Gleichstellung lebt vom gemeinsamen Einsatz engagierter Frauen und Männer. Nur zusammen können wir die Gleichberechtigung voranbringen. Hier erfahren Sie, was Sie tun können, um Gleichstellungsarbeit in Bautzen aktiv mitzugestalten.

Was fällt Ihnen auf? Was wollen Sie ansprechen? Was werden Sie verändern?

Haben Sie Anregungen, Themen oder Ideen, welchen die Gleichstellungsbeauftragte sich stärker widmen sollte? Zögern Sie nicht, anzurufen, eine E-Mail zu schreiben oder persönlich Kontakt aufzunehmen.

Sie können auch selbst aktiv werden und erhalten dabei Unterstützung, um andere Menschen kennen zu lernen und Netzwerke zu knüpfen, die sich auch für eine offene, geschlechtergerechte Gesellschaft einsetzen, immer nach dem Grundsatz „Gemeinsam sind wir stark!“

Hier finden Sie Beispiele, wie solche Veränderungen aussehen können!

Geschlechtergerechtigkeit durch Sprache

Geschlechtersensible oder inklusive Formulierung bedeutet, Sprache so zu verwenden und einzusetzen, dass alle Geschlechter oder Identitäten gleichermaßen sichtbar und wertschätzend angesprochen werden. Suchen Sie wertvolle Tipps und Hinweise, wie Sie geschlechtergerecht formulieren können in Übereinstimmung mit den Anforderungen an Gesetzgebung, Rechtschreibung, Verständlichkeit und Übersichtlichkeit? Anhand zahlreicher Formulierungshilfen erleichtert Ihnen der Leitfaden den Einstieg und Ihre Arbeit.

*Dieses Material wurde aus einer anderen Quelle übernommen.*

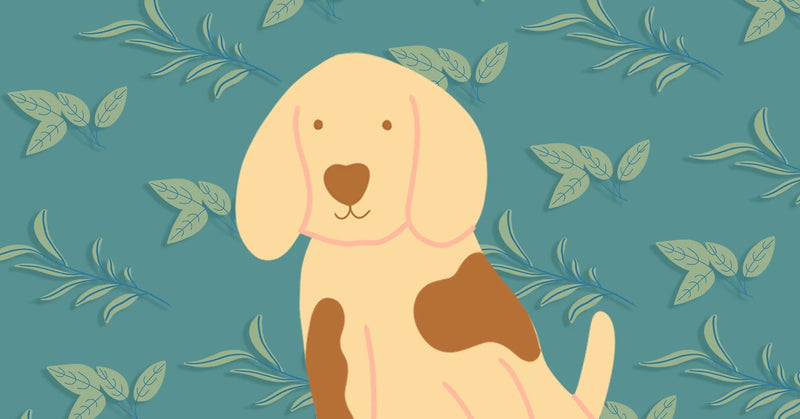 Problemi sa disanjem kod pasa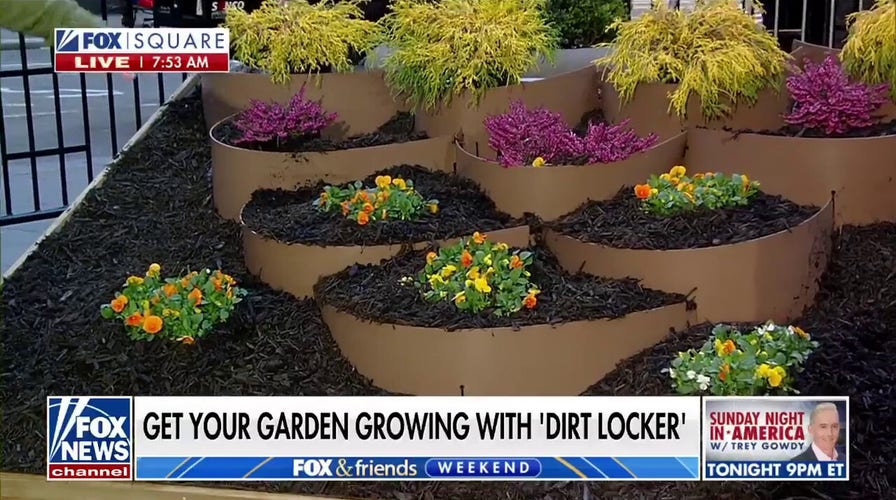 Kick off spring with some needed backyard equipment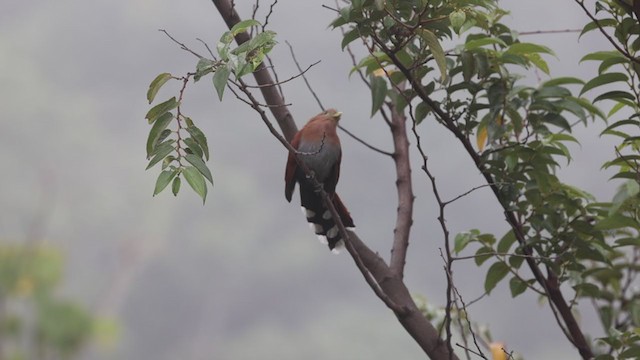 Squirrel Cuckoo (Middle America) - ML346346361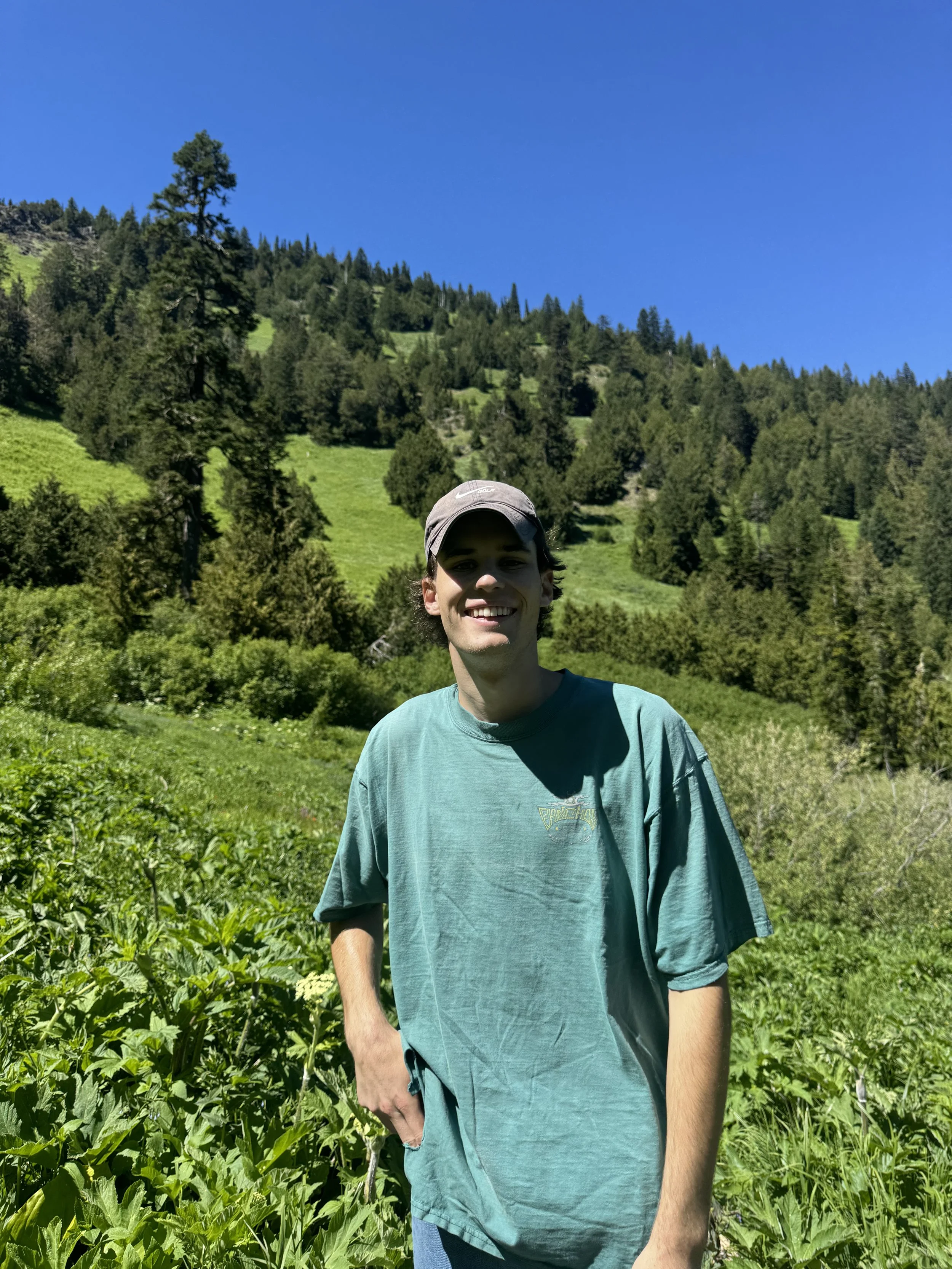 A smiling young man wearing a gray cap and turquoise T-shirt standing amidst green plants in a mountainous area under a clear blue sky.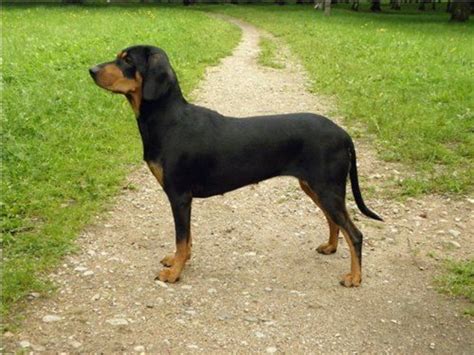 latvian hound dog breed information images characteristics health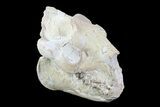 Oreodont (Merycoidodon) Skull - Wyoming #93752-1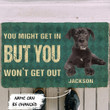 Excellent Doormat Home Decor Custom Name But You Won't Get Out Great Danes Dog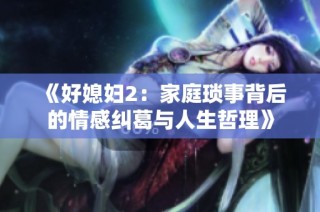 《好媳妇2：家庭琐事背后的情感纠葛与人生哲理》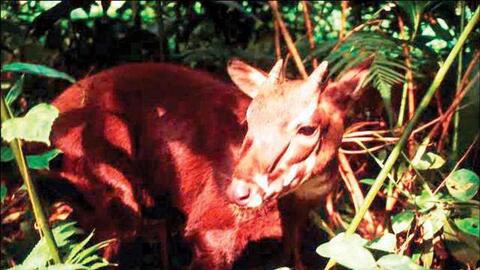 Huế nhận viện trợ hơn 3 tỷ đồng bảo vệ loài sao la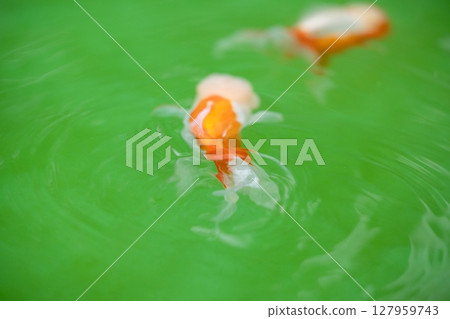 荷蘭獅子頭 荷蘭獅子頭 127959743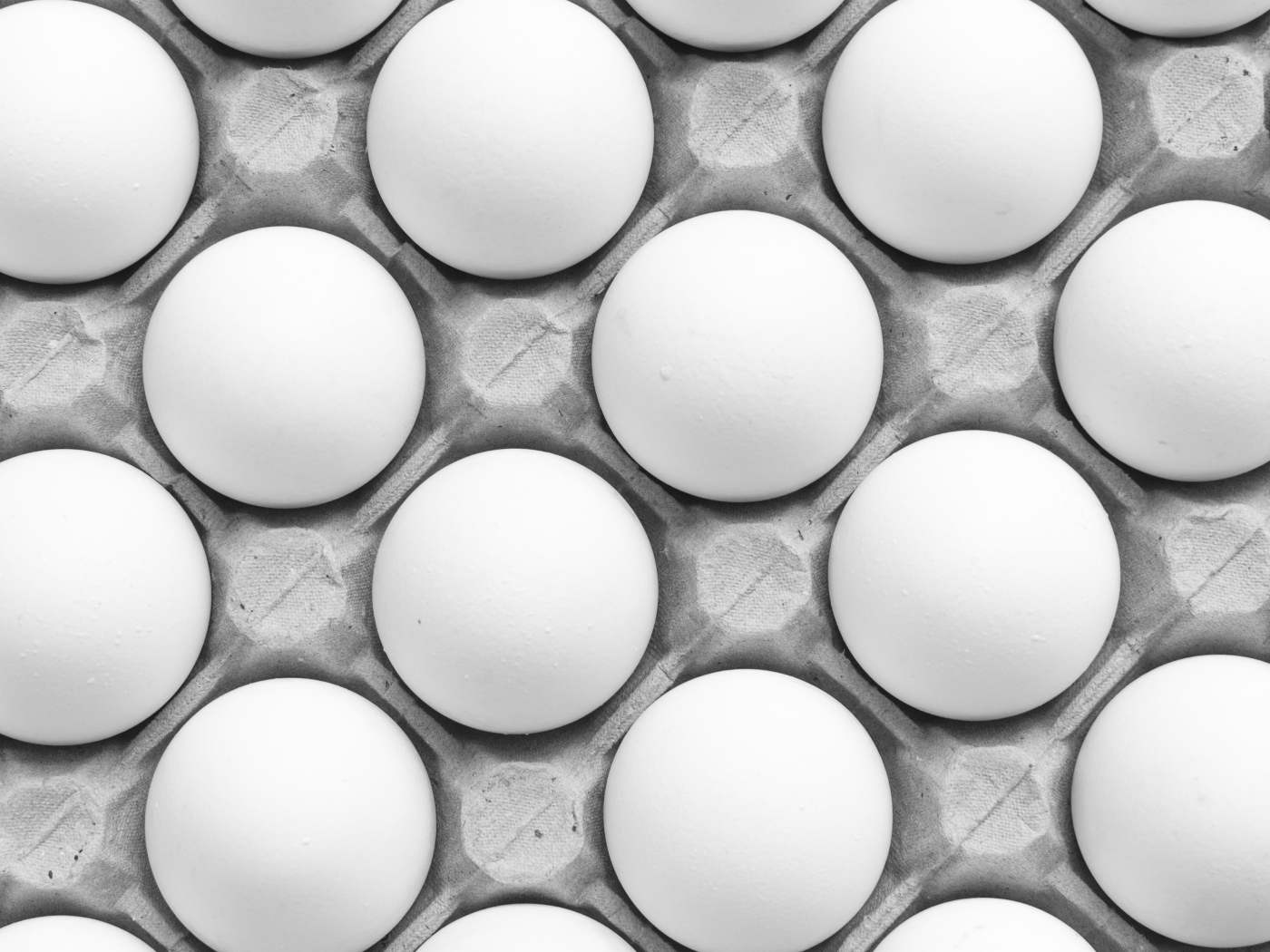 Много белых яиц в подставке на столе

Leitfaden gendergerechte Sprache

„Ich will mich sicher fühlen – zu Hause ...“

Gewalt gegen Frauen hat viele Gesichter. Laut einer Studie des Bundesfrauenministeriums hat in Deutschland jede vierte Frau mindestens einmal in ihrem Leben körperliche und/oder sexuelle Gewalt durch ihren (Ex-)Partner erlebt. Jede siebte Frau war bereits einmal von strafrechtlich relevanten Formen sexualisierter Gewalt betroffen. Wenn Sie sich zum Thema „Gegen Gewalt an Frauen und Männern“ engagieren wollen, können Sie das z.B. im Frauenschutzhaus Bautzen e.V. oder bei dem Opferhilfe Sachsen e.V.

Hier können Sie sich informieren: www.fsh-bautzen.de

Sexistische Werbung melden

Geschlechtsdiskriminierende Werbung ist problematisch, weil Werbung nicht nur ein Spiegel der Gesellschaft ist, der bereits existierende Verhaltensmuster reflektiert, sondern eine aktive Rolle im Rahmen der Konstruktion und Verfestigung von Geschlechtsrollenstereotypen spielt.

Wenn Sie sexistische Werbung entdecken und Sie etwas dagegen tun wollen, dann schreiben Sie an Pinkstink, eine Organisation, die sich für Geschlechtergerechtigkeit in der Werbung einsetzt. Sie schicken eine Kopie ihrer Nachricht zum Deutschen Werberat. Selbstverständlich können Sie sich mit Ihre Beschwerde auch selbst gleich an den Deutschen Werberat wenden.
Auf der Internetseite bei Pinkstink ist die Handhabung sehr einfach.

Weiteres erfahren Sie hier: pinkstinks.de

Jeder kann etwas tun!

„Nein heißt Nein!“ – Sexuelle Anmache und Belästigung von Mädchen und Frauen dürfen im öffentlichen Leben keinen Platz finden! Jede_r kann etwas tun, beispielsweise die Täter auf ihr Verhalten ansprechen. Ein solches Thema darf nicht totgeschwiegen und zur Normalität werden.
Mit dem Grundsatz „Nein heißt Nein“ im Sexualstrafrecht wurde ein frauenpolitischer Meilenstein erreicht. Frauen- und Menschenrechtsorganisationen und PolitikerInnen aller Bundestagsfraktionen ist es im Juli 2016 gelungen, was seit Jahrzehnten gefordert wurde: ein umfassender rechtlicher Schutz der sexuellen Selbstbestimmung. Der dafür notwendige Paradigmenwechsel wurde endlich vollzogen.